[Opening Data shown section]

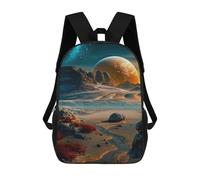 sinyumoney Children's Backpacks Mars-like Desert with Giant Planet -1 School Bag 3D Printed Children's School Backpack Fashion Travel Backpacks for Kids School Students 17inch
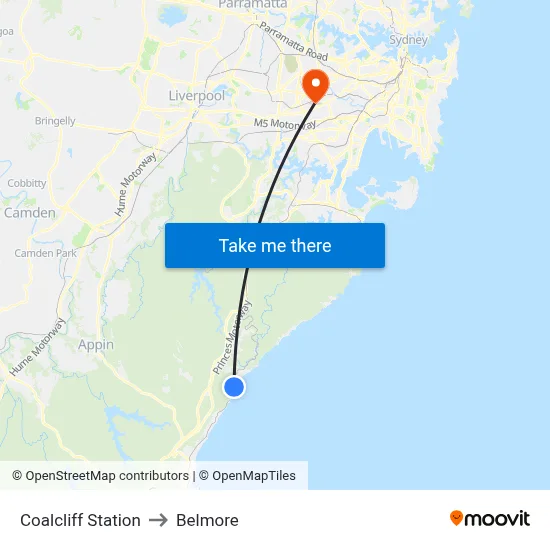 Coalcliff Station to Belmore map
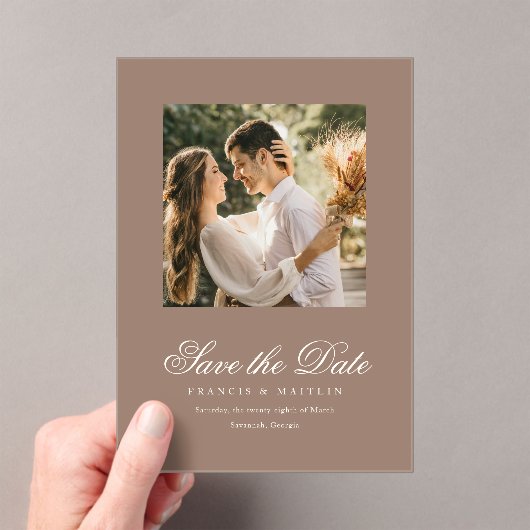 Romantic Brown Photo Elegant Wedding Save the Date アクリル招待状 (インサイチュ (ポータブル))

[Closing Data shown section]

Your goal => Print out all the material word for word but exclude any images.

Written response =>
 sinyumoney Children's Backpacks Mars-like Desert with Giant Planet -1 School Bag 3D Printed Children's School Backpack Fashion Travel Backpacks for Kids School Students 17inch
 Coalcliff Station to Belmore map
 Romantic Brown Photo Elegant Wedding Save the Date アクリル招待状 (インサイチュ (ポータブル))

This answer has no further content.